Crawled caption data
┌──
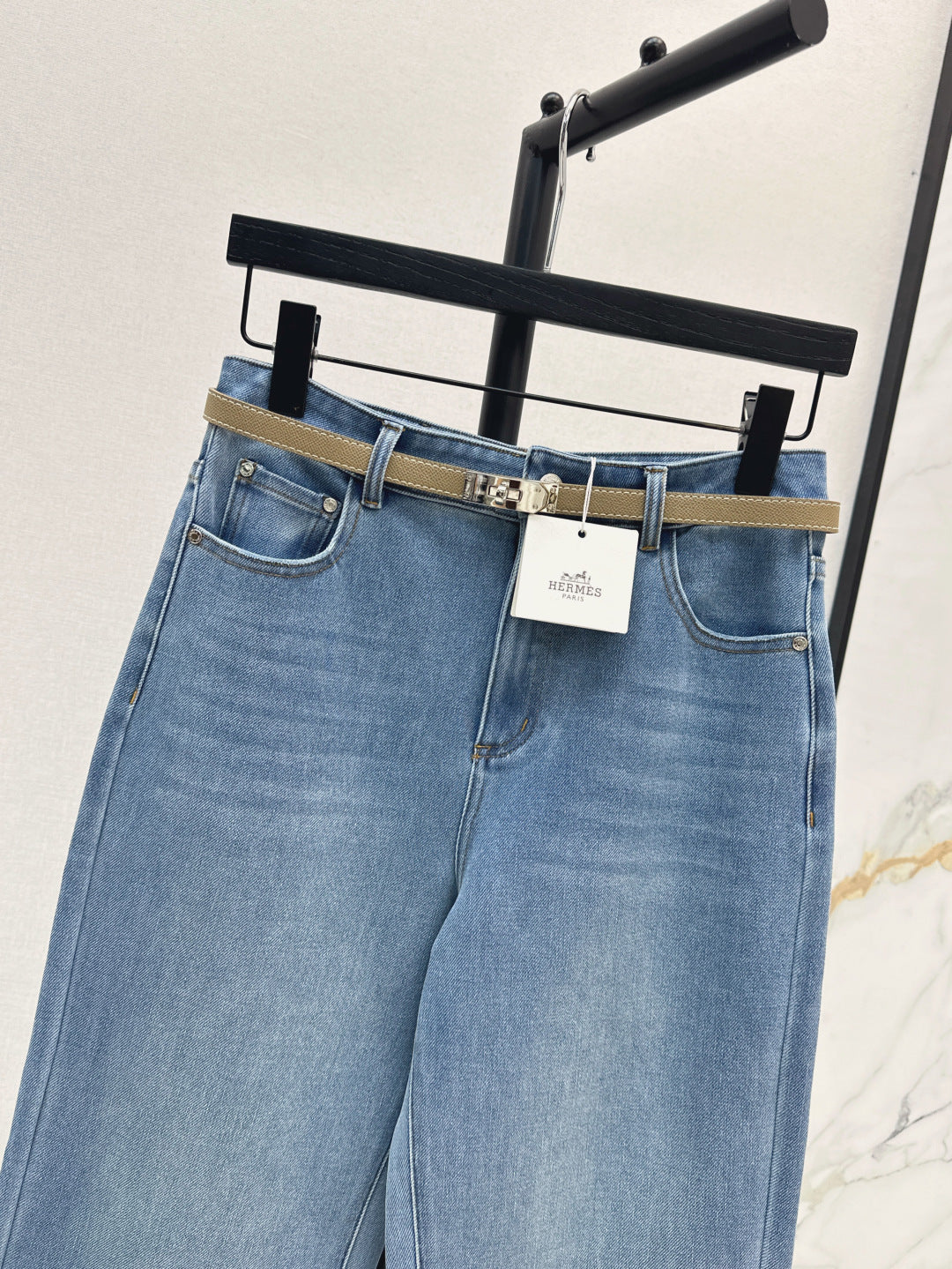 Herm 25fw straight jeans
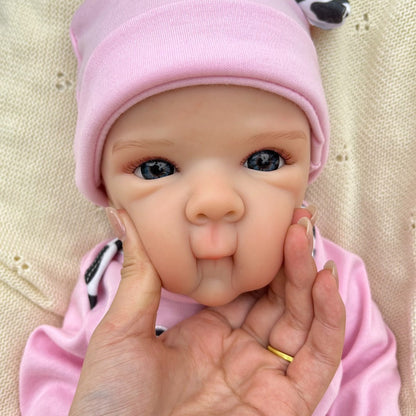 45 cm lebensechte Bettie Reborn Puppe aus Vollsilikon in rosa Outfits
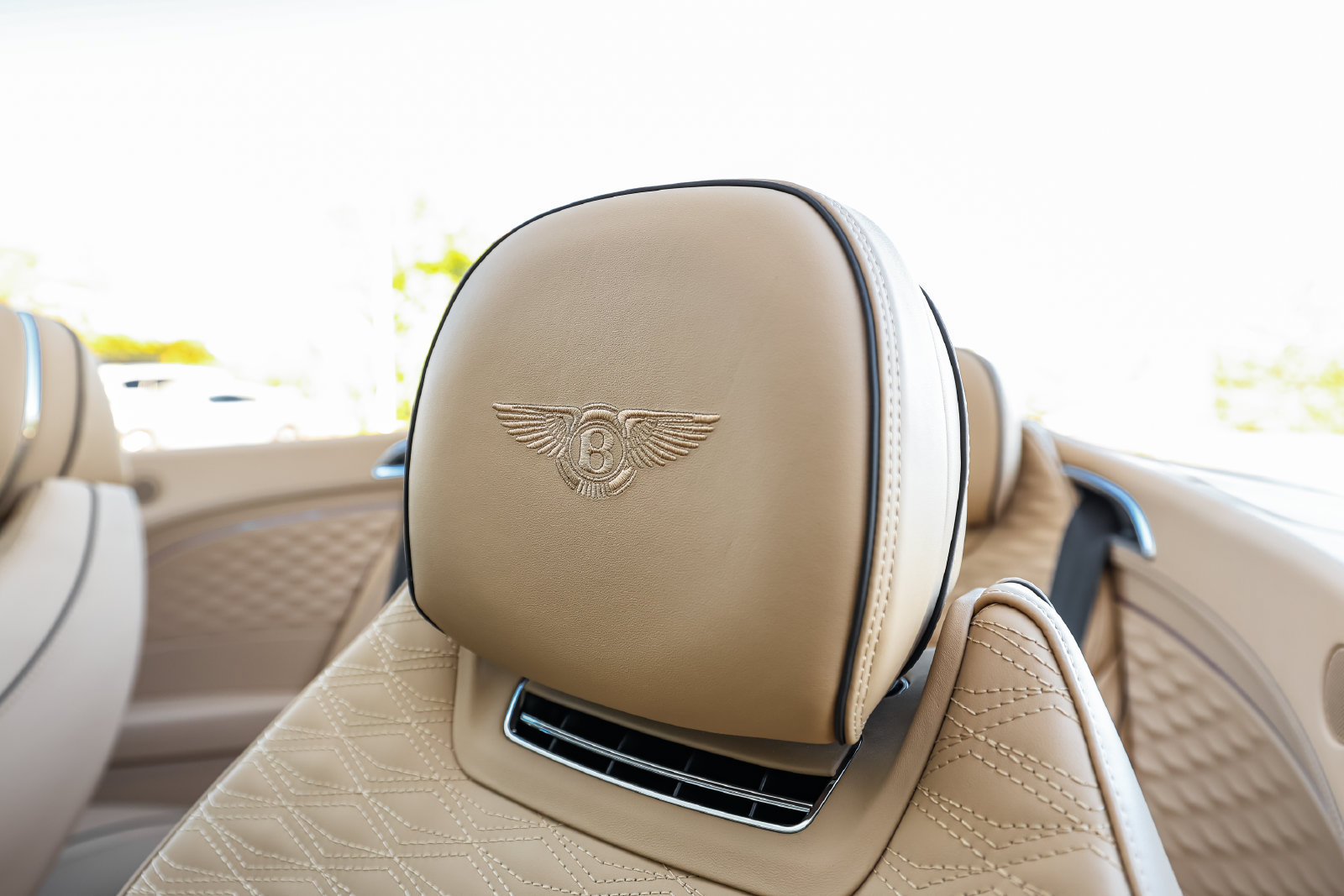 Certified 2025 Bentley Continental GT Speed AWD/4WD image 27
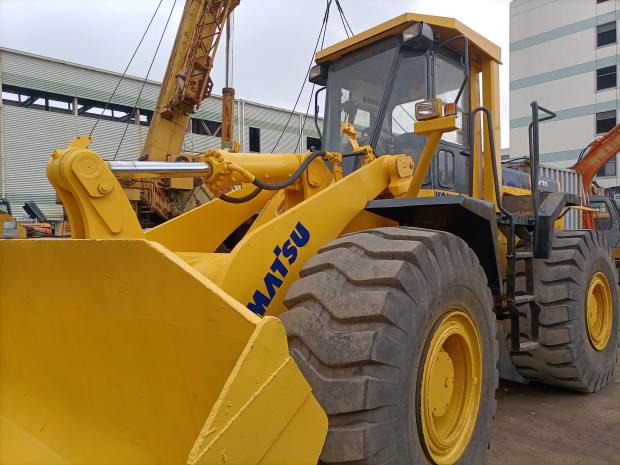 Komatsu WA470 - 轮式装载机:图2 Komatsu WA470 - 轮式装载机:图2
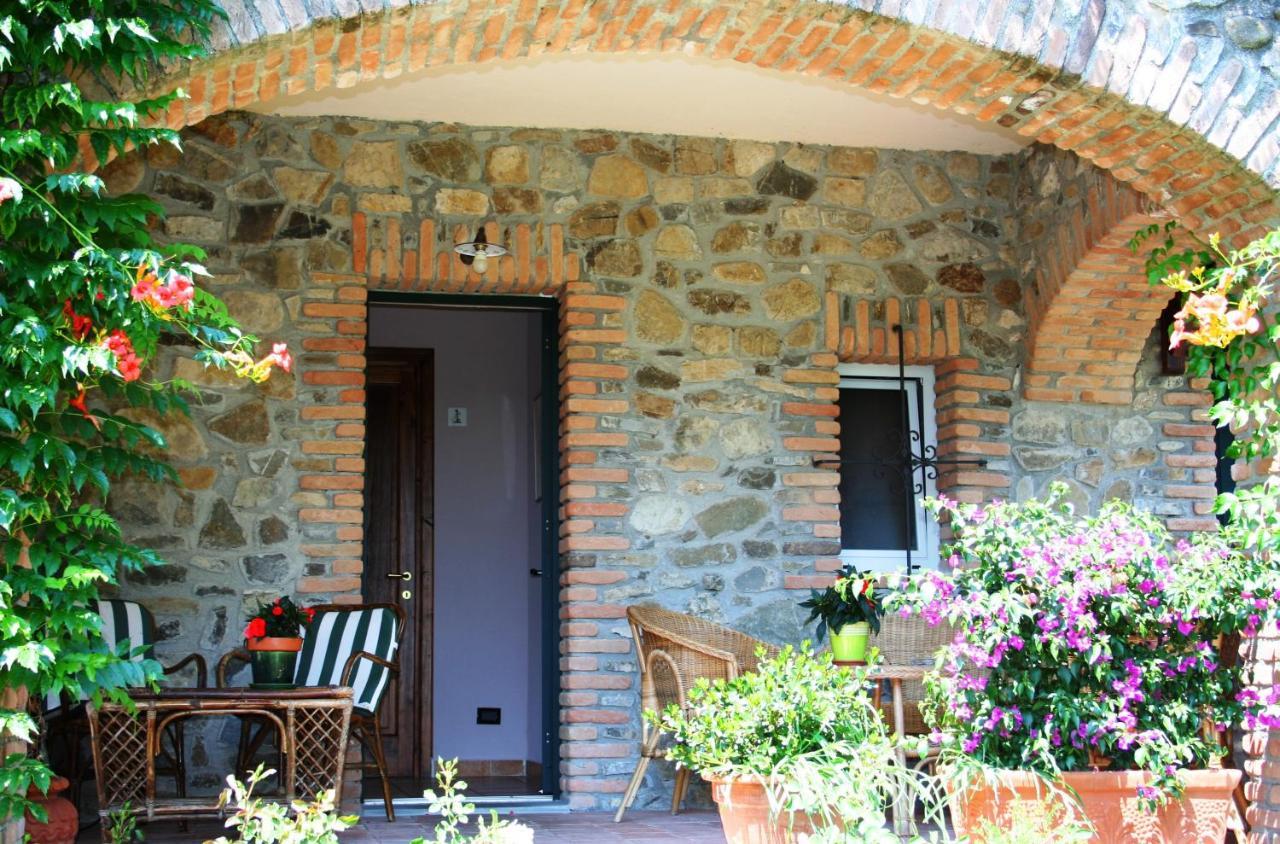Il Casale Al Lavaggio Hotel Mulazzo Exterior photo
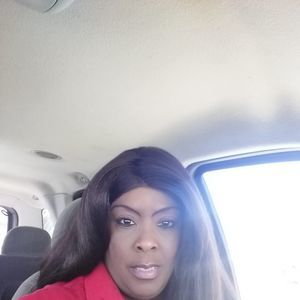 Meet your Posher, Beverly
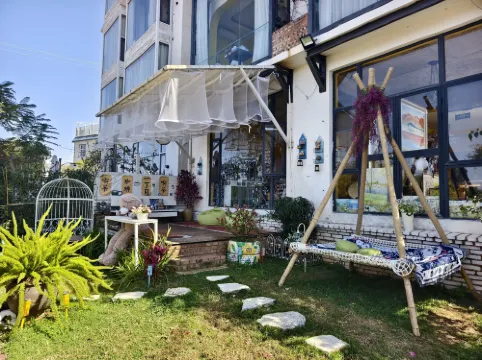 撫仙湖湖影客棧（撫仙湖店）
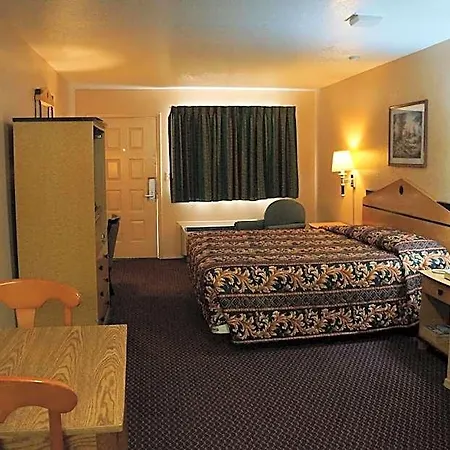Delux Inn Tulsa-2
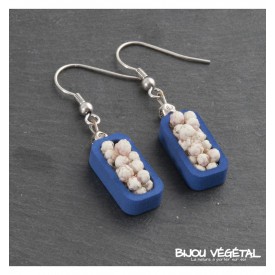Živé šperky - Náušnice Vertigo modré s trvalými bílými květy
└──
* Task directions:
Give back the entries above exactly as they stand. Leave the images out.

* Written reply:
 Herm 25fw straight jeans
 45 cm lebensechte Bettie Reborn Puppe aus Vollsilikon in rosa Outfits
 Certified 2025 Bentley Continental GT Speed AWD/4WD image 27
 Komatsu WA470 - 轮式装载机:图2 Komatsu WA470 - 轮式装载机:图2
Il Casale Al Lavaggio Hotel Mulazzo Exterior photo
 Meet your Posher, Beverly
 撫仙湖湖影客棧（撫仙湖店）
Delux Inn Tulsa-2
Živé šperky - Náušnice Vertigo modré s trvalými bílými květy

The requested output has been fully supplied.